La Corte costituzionale chiarisce che l'indagato può essere punito per evasione dagli arresti domiciliari, al pari dell'imputato, in base alla lettura sistematica dell'art. 385 c.p.


Evasione dagli arresti domiciliari

La Corte costituzionale, con la sentenza numero 107/2025, ha dichiarato la non fondatezza della questione di legittimità costituzionale dell'articolo 385, terzo comma, del codice penale, nella parte in cui, secondo il diritto vivente, prevede che l'indagato possa essere punito per l'evasione dal regime degli arresti domiciliari, nonostante la lettera della disposizione faccia riferimento esclusivamente all'imputato.

Il contesto normativo

La questione non è fondata in quanto, all'epoca della formulazione del terzo comma dell'articolo 385 del codice penale, sostituito dall'articolo 29 della legge numero 532 del 1982, il legislatore non poteva che fare riferimento alla nozione di «imputato» prevista dal codice di rito del 1930 all'epoca vigente, al quale era del tutto sconosciuta la figura della persona sottoposta alle indagini e la distinzione tra la fase delle indagini preliminari e la fase processuale in senso stretto. Imputato era, infatti, colui il quale fosse risultato indiziato di reità in qualsiasi fase del procedimento, compresa quella delle indagini.

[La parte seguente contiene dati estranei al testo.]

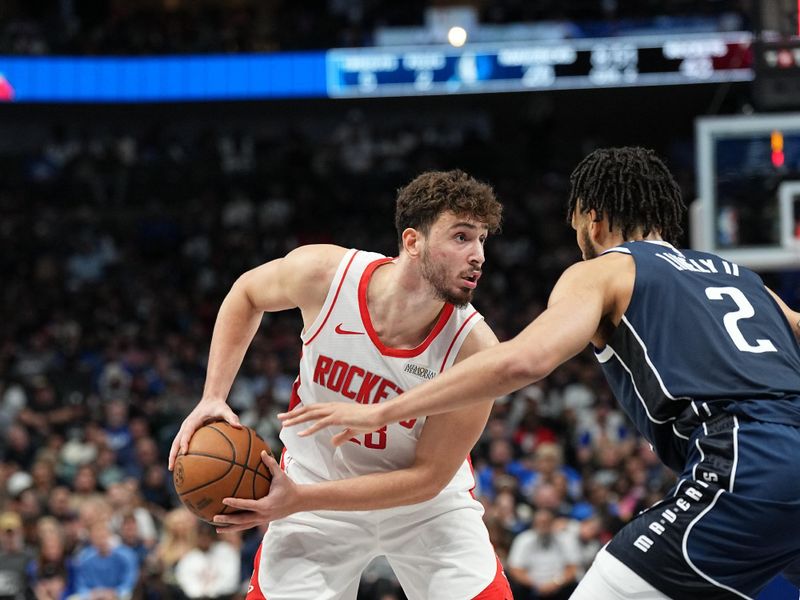 DALLAS, TX - OCTOBER 31: Alperen Sengun #28 of the Houston Rockets looks to pass the ball during the game against the Dallas Mavericks on October 31, 2024 at American Airlines Center in Dallas, Texas. NOTE TO USER: User expressly acknowledges and agrees that, by downloading and or using this photograph, User is consenting to the terms and conditions of the Getty Images License Agreement. Mandatory Copyright Notice: Copyright 2024 NBAE (Photo by Glenn James/NBAE via Getty Images)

L'equiparazione dell'indagato all'imputato

Pertanto, nel perimetro coperto dal termine «imputato» utilizzato nella disposizione censurata, rientra, al di là del nomen attribuitogli alla luce del nuovo contesto normativo, il soggetto che, secondo il nuovo codice di procedura penale, assume la denominazione di «indagato».

Assenza di violazione del principio di legalità

Sicché nessuna lesione del principio di legalità nei termini dedotti dal rimettente è rinvenibile nella disposizione censurata e nell'applicazione che correntemente se ne fa.